While carbon capture has proven expensive on power plants, recent federal legislation, including the Infrastructure Investment and Jobs Act and the Inflation Reduction Act, have set up a comprehensive framework that should enable the wide-scale deployment of carbon capture by 2030, the Carbon Capture Coalition said Monday in releasing its 2023 Federal Policy Blueprint.

The IRA increased federal tax credits for electric utilities that capture their carbon dioxide from $30 to $50/ton of CO2 to $85 to $135.

At a press event announcing the blueprint Monday, the coalition’s Executive Director Jessie Stolark said its wide-ranging membership has not had a chance to coordinate a response to the reported regulations yet. The group has focused mainly on market-incentives to encourage carbon capture technology, she added.

“I really want to underscore that our members agree that deploying carbon capture technologies in the power sector is absolutely critical to reducing emissions, as well as providing a more affordable, reliable baseload power and a deeply decarbonized energy grid,” Stolark said.

Shannon Heyck-Williams, vice president of climate and energy for the National Wildlife Fund, who participated in the coalition event, said her group welcomed news of EPA’s plans.

“WF is very excited to see this rule come out,” she said, saying CCS technology could have a role to play with some natural gas plants. “Obviously, we can’t adequately tackle climate change unless we’re really dramatically reducing power sector CO2 emissions.
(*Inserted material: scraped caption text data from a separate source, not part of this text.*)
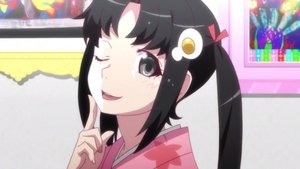 Monogatari 28. epizoda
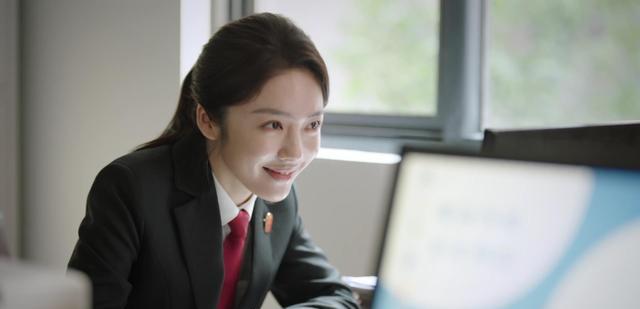 蔡文静|电视剧《底线》,蔡文静剧照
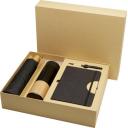 Image of Notebook & Pen Gift Set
And, frankly, we could get to zero. That’s the goal.”

In response to EPA’s request last year for comments on how it should handle emissions from “electric generating units,” the Edison Electric Institute spelled out a way that it said could encourage cuts without mandating specific technologies.

EEI noted that for now the main way to cut emissions from power plants is to make them more efficient, with both hydrogen and carbon capture technologies not quite ready for mass deployment.

“Both hydrogen co-firing and CCS technology face a number of other challenges that will need to be overcome to enable commercial scale use throughout the industry,” EEI said. “Government and industry are investing in addressing these cost, technology, and infrastructure challenges. With that investment, there is reason to be optimistic that these challenges will be overcome in this decade.”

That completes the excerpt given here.